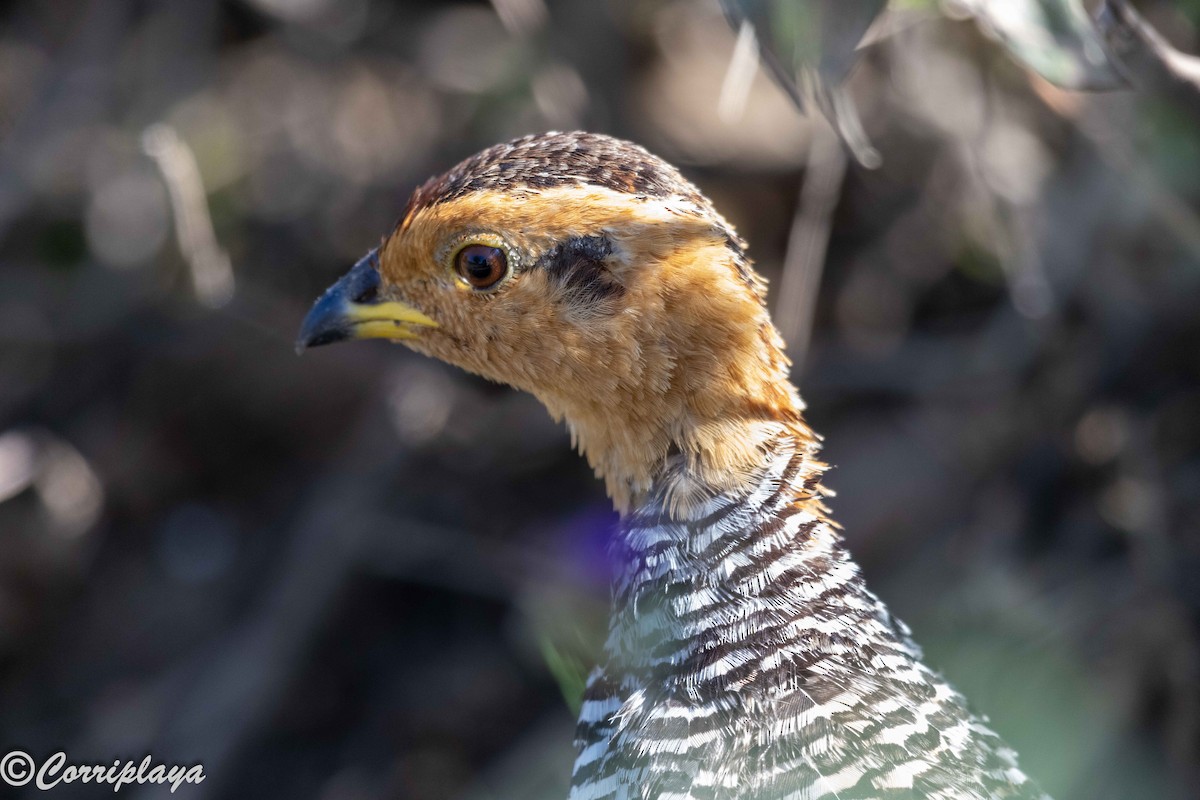 Coqui Francolin - ML646539567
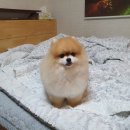 오렌지펫살롱 이미지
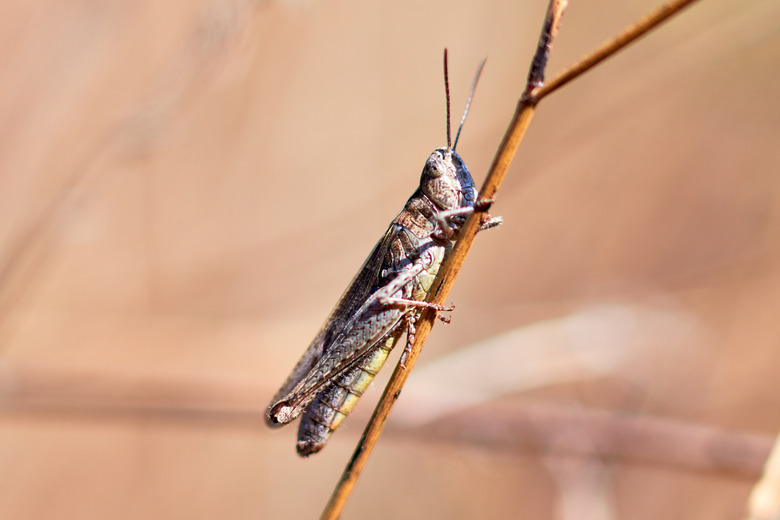 Grasshopper sits on the grass close-up. Macro photo of a grasshopper sitting on a sheet. Locust sitting in the grass. A green grasshopper sits on a branch.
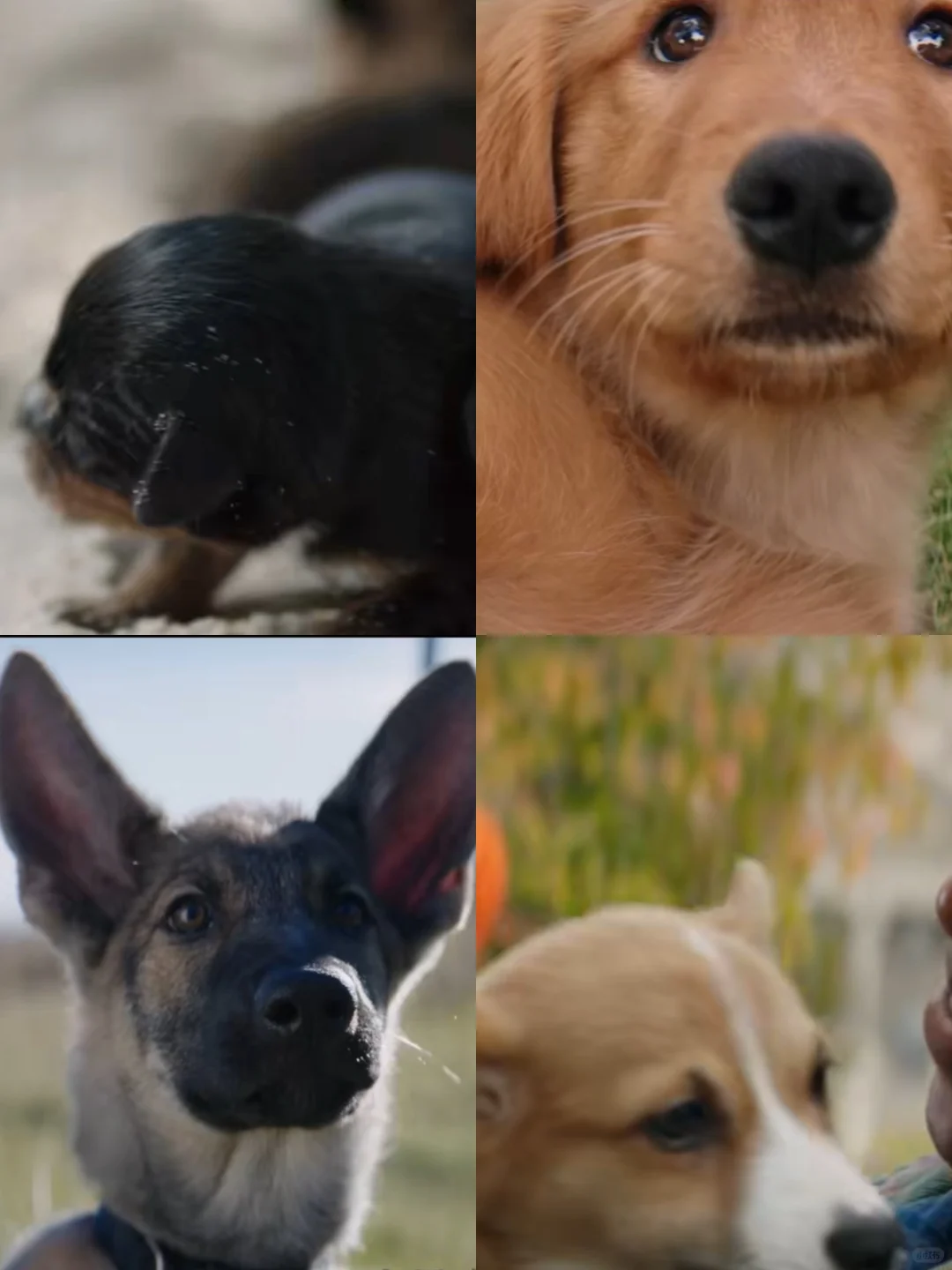 《一条狗的使命》电影记录🛖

[What you should do] Except for the pictures, give all the material above again verbatim.

[Answer to the problem]
 Coqui Francolin - ML646539567
 오렌지펫살롱 이미지
 Grasshopper sits on the grass close-up. Macro photo of a grasshopper sitting on a sheet. Locust sitting in the grass. A green grasshopper sits on a branch.
 《一条狗的使命》电影记录🛖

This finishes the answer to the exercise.